Dan Boyce/Inside Energy

The wind industry is clearly growing.

A new report from the American Wind Energy Association touts a record total of 88,000 jobs across the industry at the start of 2016, a 20 percent jump from a year ago.

More wind power was added than any other U.S. electricity source in 2015, beating out natural gas and solar.

 

 

 

 

Recently, Xcel Energy announced a proposal with wind company Vestas to build a 300-turbine project in eastern Colorado. It would be the state's largest wind farm. The utility is not releasing further information until May, when the project is formally filed before the Colorado Public Utilities Commission.

Data from the Bureau of Labor Statistics ranks wind turbine technician as the country’s fastest-growing profession. These technicians scale the tall white towers in hard hats and climbing gear, making sure those power-generating blades are spinning just right.
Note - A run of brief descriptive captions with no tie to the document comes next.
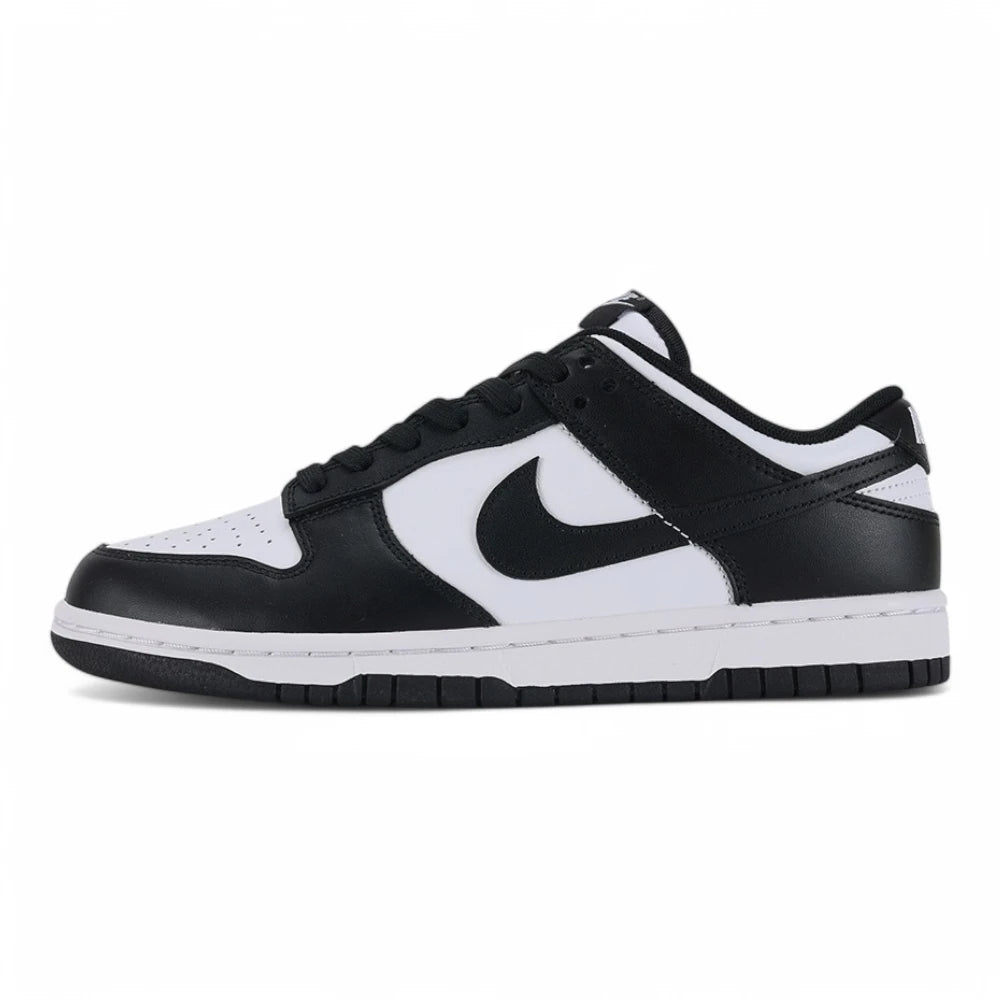 Dunk Low Black White - image 9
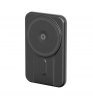 Внешний аккумулятор Breaking MagSafe Powerbank 5000mAh 20W P219 Black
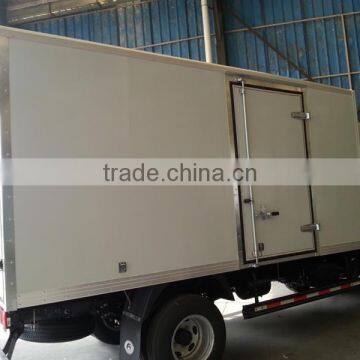 Cold Storage Container Light Duty Freezer Van photo-4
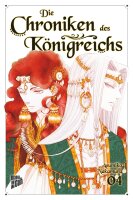 Die Chroniken des Königreichs 4 (Nakamura, Asumiko)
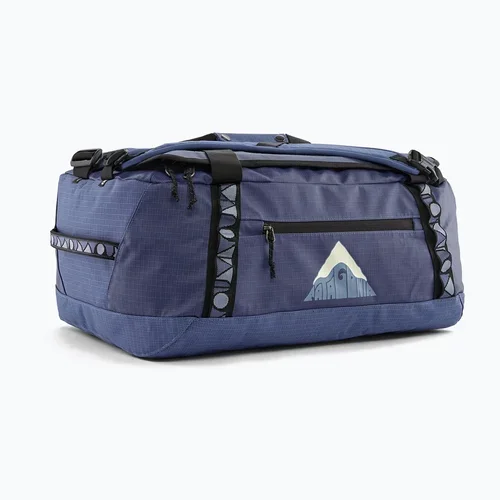 PATAGONIA Torba podróżna Black Hole Duffel 40L Current Blue Niska cena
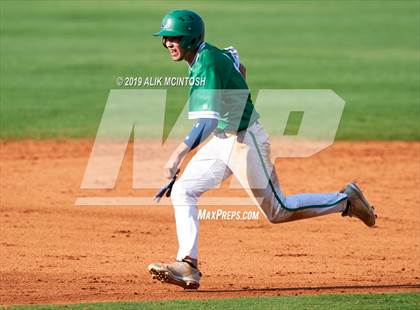Thumbnail 2 in Uwharrie Charter Academy @ Rosewood (NCHSAA 1A Final-Game 2) photogallery.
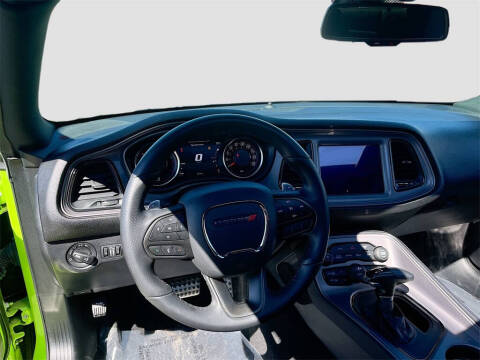 2023 Dodge Challenger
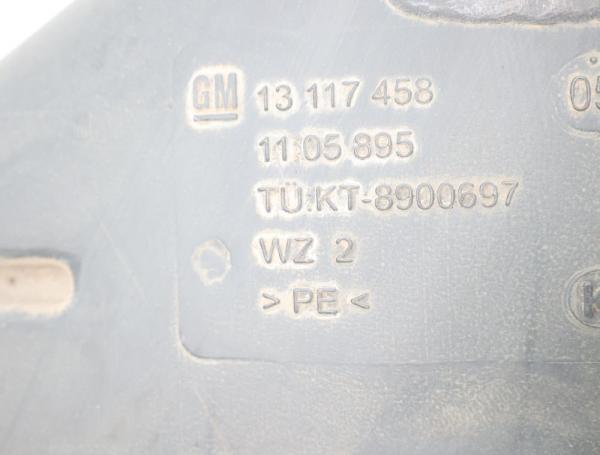 Kraftstofftank 13117458 Opel ASTRA H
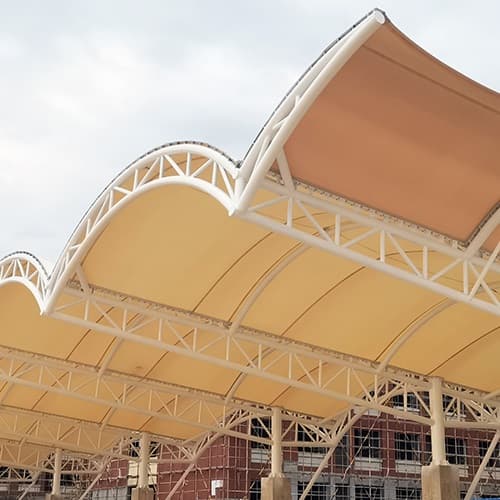 PTFE Membrane Structure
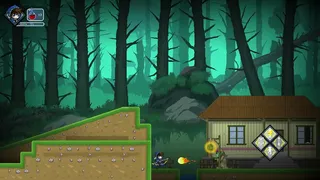 Скриншот 3 к игре Thunderman - Adventures in another realm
“I look forward to climbing up 300 feet and working on something that’s critical,” said John Crothers, who is studying to be a turbine tech at the Ecotech Institute, a technical college in Aurora, Colorado.

The number of wind turbine tech jobs is going to double in about the next eight years. But the real numbers behind that are modest, jumping from 4,400 jobs to 9,200 by 2024.

Meanwhile, tens of thousands of coal, oil and natural gas workers have been laid off in the last year.